The performance evaluator writes several files to metrics/:

Per-request data:

request_level_metrics.jsonl

JSON Lines file with detailed per-request data:

{
  "request_id": 75,
  "session_id": 8,
  "session_total_requests": 8,
  "scheduler_ready_at": 0.53709,
  "scheduler_dispatched_at": 0.53709,
  "client_picked_up_at": 0.53723,
  "client_completed_at": 0.60328,
  "result_processed_at": 0.60346,
  "num_delta_prompt_tokens": 6,
  "num_total_prompt_tokens": 6,
  "target_num_delta_prompt_tokens": 6,
  "num_output_tokens": 7,
  "num_requested_output_tokens": 7,
  "num_total_tokens": 13,
  "is_stream": true,
  "tpot": 0.00688,
  "ttfc": 0.0243,
  "end_to_end_latency": 0.06559,
  "normalized_end_to_end_latency": 0.00937,
  "output_throughput": 106.72167,
  "tbc": [0.00814, 0.0067, 0.00687, 0.00611, 0.00658, 0.00689]
}

Aggregate statistics:

summary_stats.json

High-level counts and rates:

{
  "Number of Requests": 560,
  "Number of Completed Requests": 555,
  "Number of Errored Requests": 0,
  "Error Rate": 0.0,
  "Observed Session Dispatch Rate": 11.43
}

throughput_metrics.json

Throughput measurements:

{
  "tpot_based_throughput": 76.99,
  "tbc_based_throughput": 11.32
}

Distribution files:

For each metric (ttfc, tbc, tpot, e2e, etc.):

<metric>.csv: Percentile values (p50, p90, p95, p99, min, max, mean)
<metric>.png: Distribution histogram

Prefill statistics¶

For understanding prefill latency scaling, the evaluator groups TTFC by prompt length:

prefill_stats.json:

{
  "metric": "ttfc",
  "group_by": "target_num_delta_prompt_tokens",
  "groups": {
    "128": {
      "count": 50,
      "mean": 0.034,
      "p99": 0.055
    },
    "256": {
      "count": 48,
      "mean": 0.041,
      "p99": 0.062
    }
  }
}

This helps analyze how prefill time scales with prompt length.

Accuracy evaluation¶

For model accuracy testing, use the lm-eval integration:

session_generator:
  type: lmeval
  tasks: ["hellaswag", "truthfulqa_gen"]
  num_fewshot: 0

evaluators:
  - type: performance
    target_channels: ["text"]
  - type: accuracy_lmeval
    bootstrap_iters: 200

This runs lm-eval-harness tasks through Veeksha’s load generation, allowing simultaneous accuracy and performance measurement.

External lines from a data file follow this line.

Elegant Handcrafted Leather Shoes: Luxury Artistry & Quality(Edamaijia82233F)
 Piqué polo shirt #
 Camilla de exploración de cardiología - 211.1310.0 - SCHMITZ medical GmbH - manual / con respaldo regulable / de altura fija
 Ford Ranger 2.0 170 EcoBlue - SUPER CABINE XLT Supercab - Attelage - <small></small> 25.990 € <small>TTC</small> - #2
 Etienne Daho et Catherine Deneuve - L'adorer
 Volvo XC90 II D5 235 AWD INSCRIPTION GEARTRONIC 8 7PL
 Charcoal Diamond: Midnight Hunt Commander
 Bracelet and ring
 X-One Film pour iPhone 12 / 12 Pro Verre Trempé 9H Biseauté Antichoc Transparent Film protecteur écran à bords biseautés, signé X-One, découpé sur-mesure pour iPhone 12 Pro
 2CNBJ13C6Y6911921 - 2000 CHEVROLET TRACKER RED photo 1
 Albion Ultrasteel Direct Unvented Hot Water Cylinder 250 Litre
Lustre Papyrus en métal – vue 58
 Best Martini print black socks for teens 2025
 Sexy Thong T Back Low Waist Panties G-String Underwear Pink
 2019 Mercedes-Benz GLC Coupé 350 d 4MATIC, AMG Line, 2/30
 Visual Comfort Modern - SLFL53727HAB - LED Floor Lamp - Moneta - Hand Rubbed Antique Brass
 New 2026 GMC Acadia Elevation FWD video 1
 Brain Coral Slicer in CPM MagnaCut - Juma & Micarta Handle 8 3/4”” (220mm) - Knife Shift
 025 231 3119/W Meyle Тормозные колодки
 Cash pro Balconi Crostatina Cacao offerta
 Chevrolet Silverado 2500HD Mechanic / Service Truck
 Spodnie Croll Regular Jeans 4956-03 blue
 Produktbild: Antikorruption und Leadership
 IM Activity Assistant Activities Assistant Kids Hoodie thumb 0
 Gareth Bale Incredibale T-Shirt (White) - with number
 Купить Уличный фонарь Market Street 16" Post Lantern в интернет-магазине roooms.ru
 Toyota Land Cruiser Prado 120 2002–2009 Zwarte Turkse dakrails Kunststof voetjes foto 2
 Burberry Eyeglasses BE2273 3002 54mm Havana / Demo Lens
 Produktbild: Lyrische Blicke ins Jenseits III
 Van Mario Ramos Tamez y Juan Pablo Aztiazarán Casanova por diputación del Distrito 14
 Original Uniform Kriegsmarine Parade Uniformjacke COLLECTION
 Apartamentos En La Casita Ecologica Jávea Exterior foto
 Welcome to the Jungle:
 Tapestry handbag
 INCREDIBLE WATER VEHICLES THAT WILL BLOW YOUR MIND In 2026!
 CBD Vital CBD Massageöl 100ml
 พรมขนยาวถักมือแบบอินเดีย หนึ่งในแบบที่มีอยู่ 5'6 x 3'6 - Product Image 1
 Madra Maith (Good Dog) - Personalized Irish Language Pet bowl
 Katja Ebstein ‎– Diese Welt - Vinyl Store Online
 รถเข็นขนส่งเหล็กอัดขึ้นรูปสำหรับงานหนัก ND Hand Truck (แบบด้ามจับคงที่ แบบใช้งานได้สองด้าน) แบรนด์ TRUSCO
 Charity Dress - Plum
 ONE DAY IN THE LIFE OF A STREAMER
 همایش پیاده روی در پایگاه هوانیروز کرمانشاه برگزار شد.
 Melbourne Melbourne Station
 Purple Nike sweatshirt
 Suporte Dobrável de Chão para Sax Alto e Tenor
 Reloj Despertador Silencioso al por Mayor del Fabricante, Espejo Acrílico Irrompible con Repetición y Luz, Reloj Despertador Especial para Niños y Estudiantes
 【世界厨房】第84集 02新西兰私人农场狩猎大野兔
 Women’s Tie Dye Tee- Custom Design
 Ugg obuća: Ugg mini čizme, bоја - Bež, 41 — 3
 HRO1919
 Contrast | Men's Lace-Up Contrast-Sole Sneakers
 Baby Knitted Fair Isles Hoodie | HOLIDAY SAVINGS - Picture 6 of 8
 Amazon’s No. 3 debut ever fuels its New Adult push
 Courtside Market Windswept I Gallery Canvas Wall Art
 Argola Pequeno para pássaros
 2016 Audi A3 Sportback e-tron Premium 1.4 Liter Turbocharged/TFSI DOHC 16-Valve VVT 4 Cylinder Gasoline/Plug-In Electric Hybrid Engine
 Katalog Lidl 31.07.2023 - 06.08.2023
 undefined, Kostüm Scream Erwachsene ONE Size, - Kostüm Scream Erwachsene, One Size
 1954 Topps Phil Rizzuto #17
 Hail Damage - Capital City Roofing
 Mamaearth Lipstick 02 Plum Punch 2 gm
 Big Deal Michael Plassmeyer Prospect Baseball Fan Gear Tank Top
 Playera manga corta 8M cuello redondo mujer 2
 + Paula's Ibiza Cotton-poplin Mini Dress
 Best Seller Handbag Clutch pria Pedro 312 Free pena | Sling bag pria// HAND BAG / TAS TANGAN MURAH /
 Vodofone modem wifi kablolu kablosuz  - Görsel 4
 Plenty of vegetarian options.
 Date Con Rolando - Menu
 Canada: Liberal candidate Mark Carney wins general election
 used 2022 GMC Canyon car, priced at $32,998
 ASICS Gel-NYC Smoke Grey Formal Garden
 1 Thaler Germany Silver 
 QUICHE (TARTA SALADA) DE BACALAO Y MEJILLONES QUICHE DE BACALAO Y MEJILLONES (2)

The accuracy evaluator outputs:

Standard lm-eval metrics (accuracy, perplexity)
Integration with standard lm-eval result formats

Streaming metrics¶

During a benchmark, enable real-time metric output:

evaluators:
  - type: performance
    stream_metrics: true
    stream_metrics_interval: 5.0

This logs current statistics every 5 seconds:

[10.2s] Completed: 156 | TTFC p99: 45ms | TBC p99: 18ms | Throughput: 234 tok/s

Useful for monitoring long-running benchmarks without waiting for completion.

Health checks¶

After the benchmark, Veeksha runs health checks to validate correctness:

Session Dispatch Rate Check: Verifies actual arrival rate matches configuration.
Prompt Length Check: Verifies generated prompt lengths match targets.
Output Length Check: Verifies output lengths match requested tokens (when server supports it).
Lifecycle Timing Delays Check: Reports timing overhead at each pipeline stage.
Intra-Session Request Arrival Check: Verifies request dependencies were respected.

Results are saved to health_check_results.txt:

Health checks help identify configuration issues or system problems that could invalidate benchmark results.